ENGL 344/444: London's Contemporary Theater (5 Credits)
Carrie Matthews, UW faculty
Why do people continue to go to the theater in an era when many of us can watch whatever we want whenever we want on a computer or TV screen? In this course we’ll take advantage of London’s vibrant, world-renowned theater scene to learn how to analyze and appreciate live performance. We will see a variety of plays in a diverse array of venues, from the Globe Theater, where Shakespeare’s plays are routinely performed, to small fringe theaters where contemporary playwrights stage their new works. In addition to reading and watching one play each week, we may take a backstage tour at the National Theater and will take an overnight trip to Stratford, Shakespeare’s birthplace. Such activities will help us consider how the various elements of a performance—lighting, costume, sound, and staging, among others—make watching a performance different from reading a play.

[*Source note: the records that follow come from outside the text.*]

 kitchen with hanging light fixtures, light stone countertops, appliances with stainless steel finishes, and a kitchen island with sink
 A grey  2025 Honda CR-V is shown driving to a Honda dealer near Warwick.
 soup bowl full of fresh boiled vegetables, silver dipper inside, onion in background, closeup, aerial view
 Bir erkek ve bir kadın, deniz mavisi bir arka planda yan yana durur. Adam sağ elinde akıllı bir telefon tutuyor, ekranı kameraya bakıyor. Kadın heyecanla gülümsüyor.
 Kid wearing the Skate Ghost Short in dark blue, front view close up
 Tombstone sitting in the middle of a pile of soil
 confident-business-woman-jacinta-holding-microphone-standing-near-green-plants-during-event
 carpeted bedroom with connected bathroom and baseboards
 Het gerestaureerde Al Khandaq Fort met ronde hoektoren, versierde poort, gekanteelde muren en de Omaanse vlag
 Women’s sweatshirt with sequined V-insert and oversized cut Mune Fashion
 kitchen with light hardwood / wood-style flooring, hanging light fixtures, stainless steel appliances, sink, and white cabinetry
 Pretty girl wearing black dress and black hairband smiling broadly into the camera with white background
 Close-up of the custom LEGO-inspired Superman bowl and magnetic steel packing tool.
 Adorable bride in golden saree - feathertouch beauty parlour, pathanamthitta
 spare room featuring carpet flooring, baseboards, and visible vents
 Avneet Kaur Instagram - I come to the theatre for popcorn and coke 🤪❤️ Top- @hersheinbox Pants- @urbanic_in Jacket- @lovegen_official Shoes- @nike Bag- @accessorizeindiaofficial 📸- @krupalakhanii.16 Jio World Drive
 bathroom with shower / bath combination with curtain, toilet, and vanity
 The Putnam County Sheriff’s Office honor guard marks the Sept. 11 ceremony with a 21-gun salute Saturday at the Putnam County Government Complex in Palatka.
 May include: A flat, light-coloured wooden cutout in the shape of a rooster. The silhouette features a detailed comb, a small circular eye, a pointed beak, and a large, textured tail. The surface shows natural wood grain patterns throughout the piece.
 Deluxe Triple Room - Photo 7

Course requirements will include weekly reading assignments and response papers, a short reflective essay, and a final group performance project.
Learning goals include:
Weekly written reviews of theater productions, a self-reflective essay, and final group performance lend themselves to critical writing, reading, and viewing. The work entailed for the group performance allows the student to engage collaboratively as well as individually. The student will emerge versed in critical spectatorship—watching carefully, as well as reading critically. Too, collaborative work fosters real-world and interpersonal skills directed toward specific outcomes created by the team. Writing on deadline, as do journalists for theater reviews, is a skill that will also serve the student well. For Language & Literature English Majors: if taken as ENGL 344, this course counts as a Forms and Genres; if taken as ENGL 444, this course counts as a Senior Capstone. This course may also count as an English major elective in the Creative Writing or Language and Literature Pathways. For non-English majors, this course counts as a VLPA.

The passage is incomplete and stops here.